Pulsar generally supports both authParams (single string) and authParamMap (key/value map) for auth plugins. For AuthenticationToken specifically, only the string form works — the class has no constructor that accepts a Map, so authParamMap will fail at startup. See the AuthenticationToken source.
Key fields¶
The table below highlights the most common fields. For the full list of accepted keys under each section, see the official Pulsar docs:
clientConfig→ all client configurationsproducerConfig→ all producer configurationsadminConfig→ accepts the same keys asclientConfig
| Field | Required | Notes |
|---|---|---|
client.clientConfig.serviceUrl |
yes | The broker URL. |
producer.producerConfig.topicName |
yes | Target topic. Must already exist — the producer validates this on startup and fails fast if the topic is missing. |
producer.producerConfig.producerName |
— | Do not set — the image overwrites it with the pod name. |
producer.useAutoProduceSchema |
no | When true, uses the broker schema to validate payloads. When false, uses Schema.BYTES (no validation). |
producer.dropInvalidMessages |
no | When true, drops messages that fail schema/serialization and keeps publishing. |
admin.adminConfig.serviceUrl |
yes | The admin (web) URL. For StreamNative Cloud and most managed clusters, this is the same HTTPS URL as clientConfig.serviceUrl. For self-hosted Pulsar, it's typically a separate URL (e.g. http://broker:8080 vs pulsar://broker:6650). |
Create the topic first
Unlike the consumer, the producer will not auto-create the target topic. Create it in Pulsar Manager (local) or the StreamNative Cloud console before deploying the pipeline — otherwise the pod will crash on startup.
2. Create the Secret¶
Create a Kubernetes Secret with your Pulsar credentials. The ConfigMap references these via ${PULSAR_AUTH_TOKEN}.
apiVersion: v1
kind: Secret
metadata:
name: pulsar-producer-auth-secret
type: Opaque
stringData:
# API Token Authentication (StreamNative Cloud, DataStax Astra, self-hosted with tokens)
PULSAR_AUTH_TOKEN: "YOUR-API-KEY-HERE"
# Example: OAuth2 client secret
# PULSAR_OAUTH_CLIENT_SECRET: "your-oauth-client-secret"
Local clusters without auth
For local Pulsar clusters without authentication, skip the Secret and remove authPluginClassName, authParams, and envFrom from the ConfigMap and Pipeline.
3. Create the Pipeline¶
Update the image field to the version you want (from Quay.io tags or a locally built image). Make sure the args under the sink vertex match the file path in the ConfigMap.

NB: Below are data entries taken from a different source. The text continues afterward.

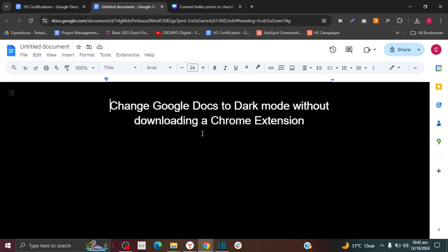If you would like to download the Chrome extension, it's really quick and simple — it takes about one minute or less. I do have a video on that. You should see it popping up on the top right of your screen. I'll also put it in the comment section and in the description if you want to watch that video on how to make your Google Docs dark mode with the Chrome extension.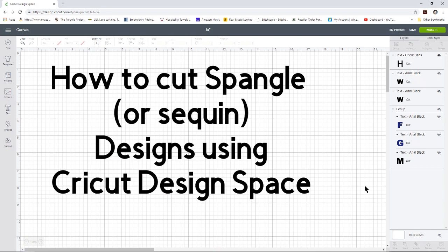Greetings and Namaste. I'm Eve and we are going to discuss how to cut spangle or some people call them sequin designs using Cricut Design Space.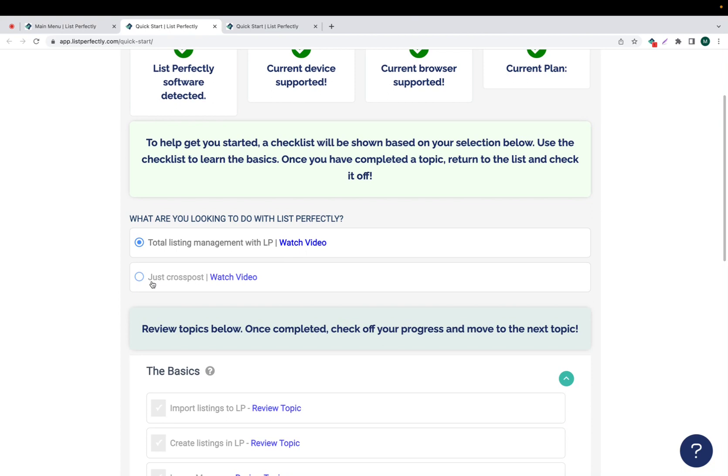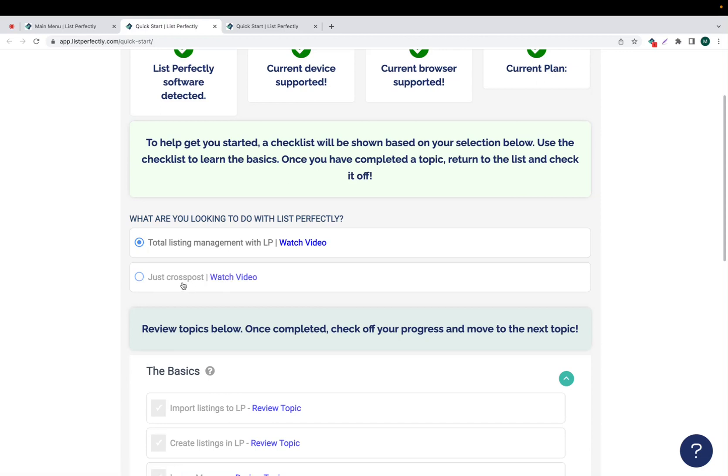Our second option is to choose to just learn about cross-posting. Again, there is a Watch Video option where you can watch a video and it will show you exactly what this category covers.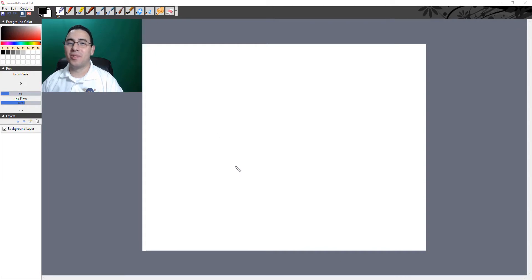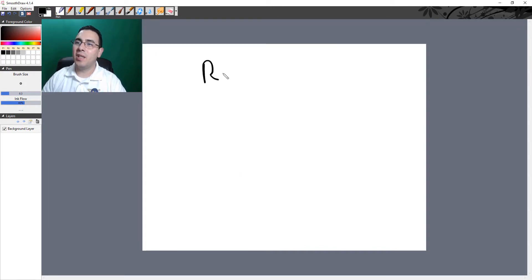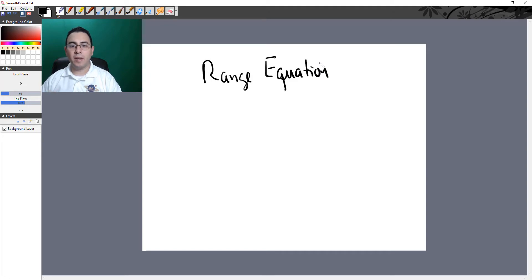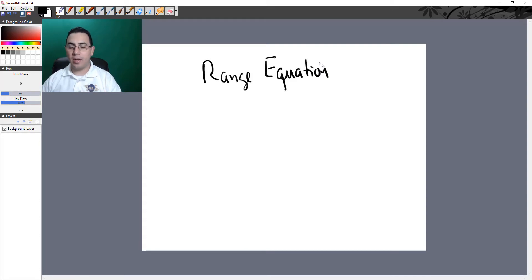Hello and welcome to another lecture. Today we're going to talk about the range equation. Your system calculates the depth of structures based on one fixed value for propagation speed, which is 1540 meters per second. The system assumes all the time that the propagation speed is 1540 meters per second, which is not always true — that's why we sometimes have an artifact called propagation speed error artifact, which we'll cover in the future. It uses a round-trip time when calculating depth.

apiVersion: numaflow.numaproj.io/v1alpha1
kind: Pipeline
metadata:
name: raw-producer-pipeline
spec:
vertices:
- name: in
source:
generator:
rpu: 1
duration: 10s
msgSize: 10
- name: out
volumes:
- name: pulsar-config-volume
configMap:
name: byte-arr-producer-config
items:
- key: application.yml
path: application.yml
sink:
udsink:
container:
image: apache-pulsar-java:v0.3.0
args: ["--config=file:/conf/application.yml"]
imagePullPolicy: Never
env:
# Uncomment to enable debug-level per-message logs
# - name: LOGGING_LEVEL_IO_NUMAPROJ_PULSAR
# value: "DEBUG"
# Uncomment to switch from JSON to plain-text log output
# - name: NUMAFLOW_DEBUG
# value: "true"
envFrom:
- secretRef:
name: pulsar-producer-auth-secret
volumeMounts:
- name: pulsar-config-volume
mountPath: /conf
edges:
- from: in
to: out
4. Observe the messages¶
Wait for the pipeline to be up and running. Messages will be published to the topic configured in producerConfig.topicName.